Danielson
Danielson: You Too Can Be One Of His Siblings
13 October 2006
tell your friends...
Words by Sean Moeller//Illustration by Abby Rodriquez
You can’t choose your family. But if you could, wouldn’t you want some sort of combo that included Wes Anderson, Sarah Silverman, Aziz Ansari, Will Arnett, Jimmy Leyland, Don Rickles and Peyton Manning? It makes sense in my head. It might also be smart to throw Daniel Smith into that wish list for some familial musical relief, just make sure to always be on the lookout for the rapscallion trying to dress you up in World War II-era nurse or awkward looking maid duds. I’m just saying, keep them peeled. He’s a brainwasher. He’s also a hypnotist, though you’d never know it by looking at him.

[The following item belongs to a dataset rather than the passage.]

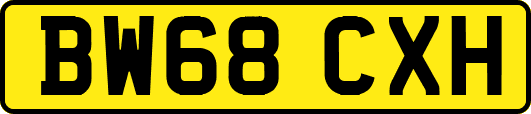 BW68CXH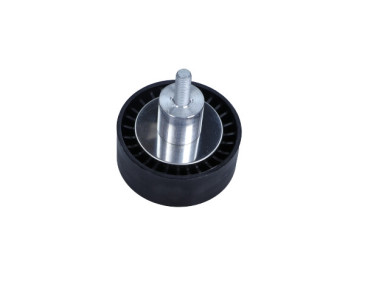 ROLKA NAPINACZA PASKA FORD TRANSIT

Those skills we see (more justly, hear) in this year’s smashing release, “Ships,” which contains the finest song of apology and an attempt to add to our adage-using vernacular – “Did I Step On Your Trumpet?” a video for which can now be seen here
(the skating profiles that leader Smith slips into and the cardboard monocles are wonderful). We’ll get back to those skillz later.
Speaking of family, it’s not just blood relations that are finding themselves caught in his net these days. Smith attempted to find all of the people he’s ever recorded with in the past to ride with him again on “Ships,” a less blitzkrieg version of the Frog Eyes template and utterly inviting record with songs about books and life as an oceanic simile. He hunted them down like there was a bounty on the line. He found one friend he’d played in bands with in college living in the woods in upper Wisconsin. Sometimes it got too difficult or the trail went cold. When that happened, he made due with what he had.

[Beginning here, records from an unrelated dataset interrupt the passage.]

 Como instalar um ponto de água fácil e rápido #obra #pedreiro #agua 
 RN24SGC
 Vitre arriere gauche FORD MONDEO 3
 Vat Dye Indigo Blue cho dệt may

“I didn’t have all the time in the world,” he said of finding everyone. “I did this, really, in the name of studying and the beauty of different relationships. When you’re going back to the concept of relationships, that’s so fundamentally human. And from an artist’s perspective, it flies in the face of ego. I loved that dilemma.”
The members of Smith’s big family have been constant parts of his various projects for 10-plus years. It’s the number of members making it out onto tour and onto stage that various considerably depending on the time and prior obligations. Nothing has deterred Smith from continuing, no matter how large or small the gathering and don’t suggest that wanting to be around your brothers and sisters so regularly is at all unnerving.
“It’s not creepy to me,” Smith said. “It’s probably people who aren’t from big families who can’t understand that we want to be together.”
Even with that, Daniel is the only Smith who really wants to be a professional musician. His sisters Megan Slaboda and Rachel Galloway are fashion designers of children’s clothing and the others all have jobs that they enjoy and don’t feel like ditching for some road weariness and indigestion.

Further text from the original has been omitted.